Un tournant décisif pour la Guadeloupe
La Guadeloupe se trouve à un tournant décisif de son histoire économique et sociale avec la révolution technologique, le changement climatique et la crise de la dette. Depuis plus d’une décennie, sa croissance tourne au ralenti, oscillant autour de 1 % par an depuis 2015, un niveau trop faible pour permettre à un territoire fragile d’affronter les défis actuels. Même les projections optimistes n’attendent qu’une croissance de 1,2 % en 2025 avant une stagnation durable, notamment en raison d’une baisse annoncée de la consommation. Ce plafonnement n’est pas qu’un indicateur : il annonce un possible déclin si rien n’est fait, alimentant un cercle vicieux de faibles recettes fiscales, tensions sur l’investissement public, perte d’attractivité et incapacité à créer les emplois nécessaires.
La fin programmée d’un modèle consumériste
La Guadeloupe peut-elle continuer à fonctionner comme une société de consommation alors que ce modèle montre des signes irréversibles d’essoufflement ? Fondé sur la stimulation permanente du désir d’acheter, il a longtemps porté la croissance et structuré l’ascension sociale. Mais il atteint aujourd’hui ses limites. Dans une économie dépendante des transferts publics et où la production locale reste faible, continuer à tout miser sur la dépense des ménages relève d’une impasse stratégique.
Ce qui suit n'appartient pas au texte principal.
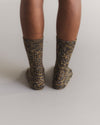 BASERANGE Assorted Socks Collection II Portugal BAS-SOTOA-TC-AU25-OLIVE GREEN MELANGE (SOTOA SORO SOBO)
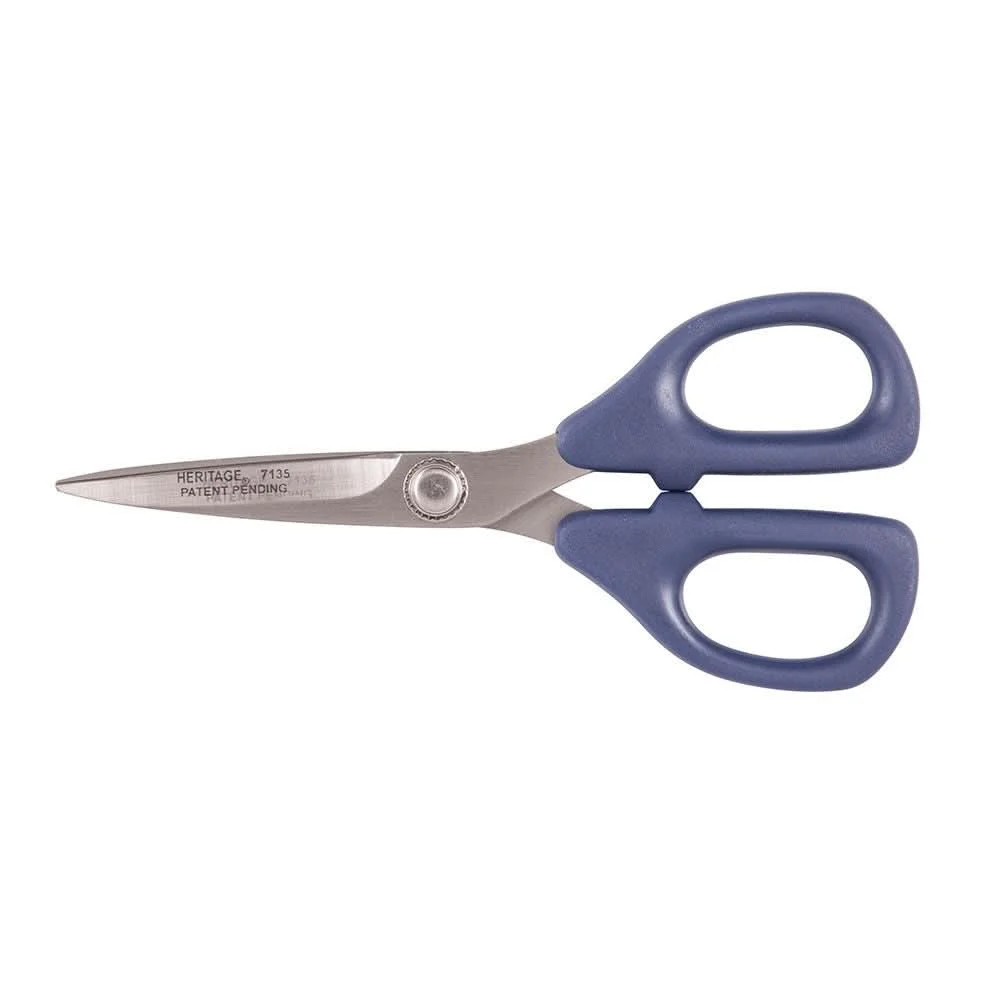 Klein Tools G7135 Straight Trimmer, Plastic Handle, 5-1/8-Inch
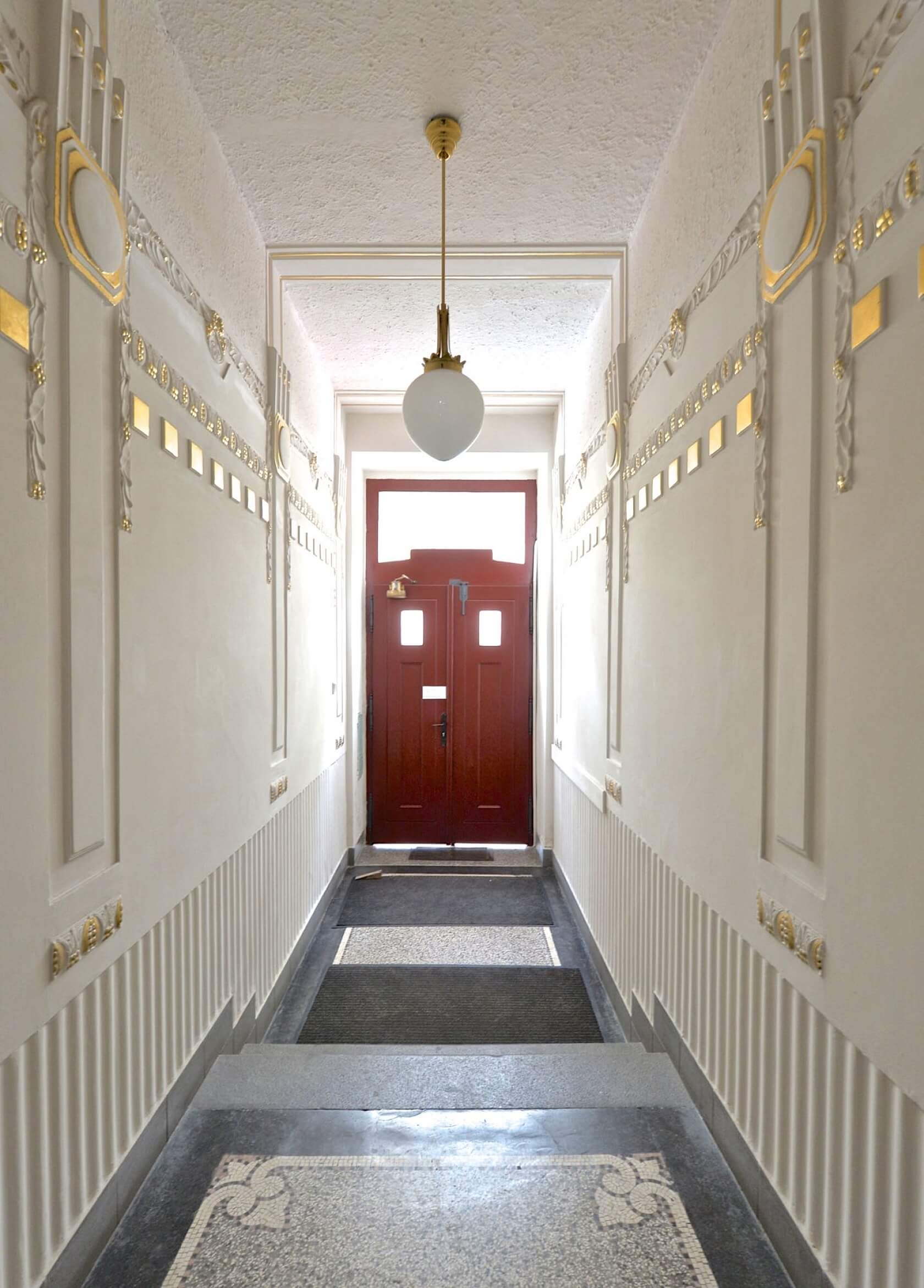 Valentinská, Staré Město - Praha 1 | Pronájem, Byt 2+kk, 123 m²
Un paradoxe collectif : la critique du consumérisme mais la reproduction des mêmes pratiques
Les Guadeloupéens, comme les Français, expriment leur désir d’un modèle moins consumériste : 78 % souhaitent une transformation profonde, 93 % veulent repenser le système économique et 83 % imaginent une société où la consommation aurait moins de place. Mais la publicité, les promotions, l’obsolescence programmée et les innovations constantes continuent de structurer les comportements. Les banques elles-mêmes encouragent une distribution de crédit orientée vers la consommation plutôt que vers la production, renforçant ainsi la vulnérabilité du territoire.
IA, réchauffement climatique et fin du refuge de l’emploi public
Le changement de modèle est d’autant plus impératif que deux transformations majeures bousculent la Guadeloupe : l’intelligence artificielle et le changement climatique. L’IA menace directement de nombreux métiers administratifs, alors que le secteur public représente l’un des principaux amortisseurs sociaux. L’État pousse désormais à réduire les effectifs pour éviter un effet de ciseaux budgétaire. La Guadeloupe doit diversifier son économie ou se condamner à une impasse structurelle.
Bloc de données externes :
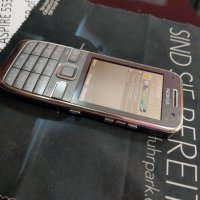 Nokia E52-1 Перфектен, снимка 3 - Nokia - 33067897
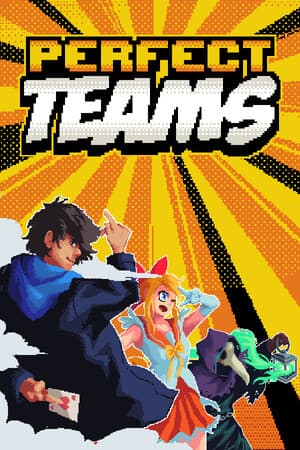 完美的团队[Perfect Teams] 游戏封面
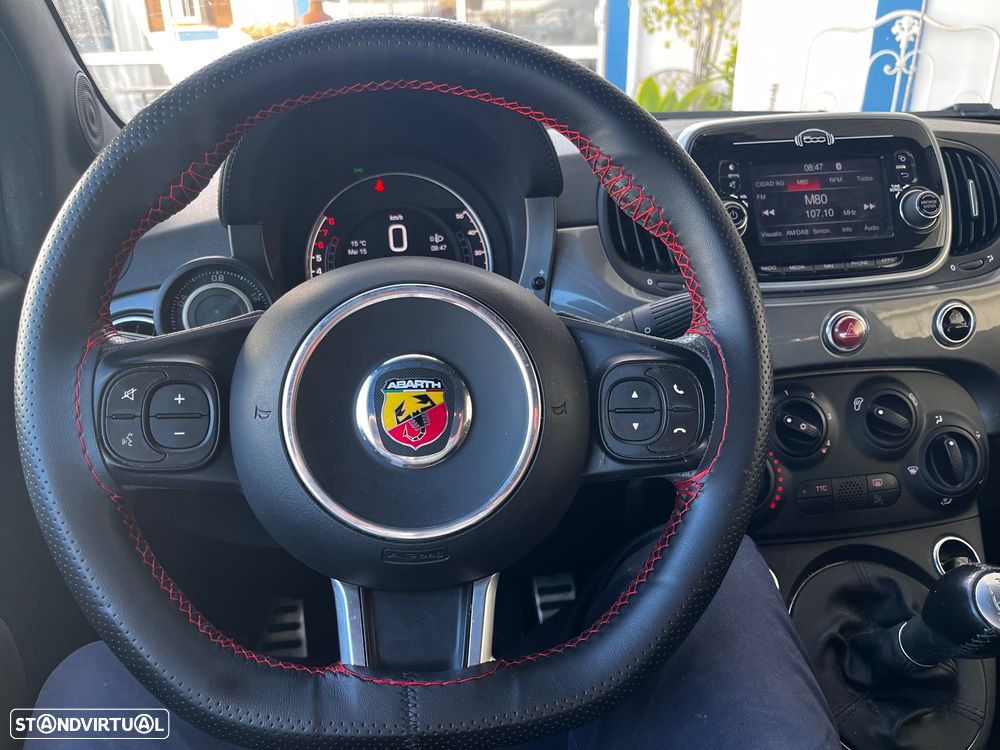 Abarth 500 - 5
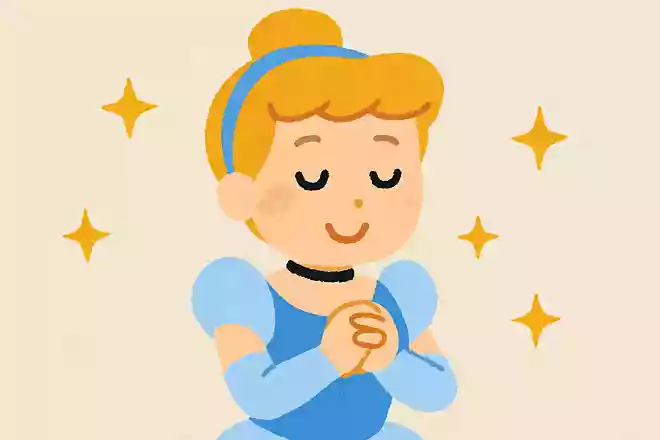 どんなにあなたの心が深い悲しみに満ちても、信じ続ければあなたの望む夢は実現するわ。NEW!シンデレラ『シンデレラ』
Vers un « reboot stratégique » : produire, innover, oser
Plusieurs représentants économiques appellent à une transformation profonde. En Guadeloupe, où le système productif reste fragmenté et dépendant des rentes publiques, il est urgent de réinventer les chaînes de valeur, de rompre avec les habitudes, de repenser la relation producteurs–distributeurs–consommateurs et d’accepter davantage de prise de risque. Le territoire doit apprendre à « faire moins, mais mieux », privilégier la qualité, la valeur ajoutée locale et la responsabilité sociale.
Refonder le contrat social et renforcer les institutions
Le changement de modèle exige également de repenser le contrat social et les institutions. Il faut inventer un équilibre entre ce que les ménages souhaitent conserver (sécurité, confort, niveau de vie) et ce que la Guadeloupe doit devenir : une société de production capable de créer ses propres richesses. Cela implique de relocaliser des savoir-faire, renforcer la formation, soutenir les filières stratégiques, structurer les transitions écologiques et numériques et repenser le rôle des institutions. Le maintien dans le cadre de l’article 73 avec un pouvoir normatif renforcé est indispensable pour mener cette transition sans perte de substance financière.
Sortir de l’imaginaire de l’abondance
Le nouveau contrat social demandera des efforts, car il suppose de sortir d’un imaginaire collectif façonné par des décennies d’abondance relative et d’aides publiques structurantes. Refuser la transformation reviendrait à accepter un déclin progressif et une montée des inégalités, notamment pour la jeunesse. Engager la reconstruction d’un modèle fondé sur la production, l’innovation et l’anticipation ouvrirait la voie à une société plus résiliente et mieux armée pour les défis du XXIe siècle.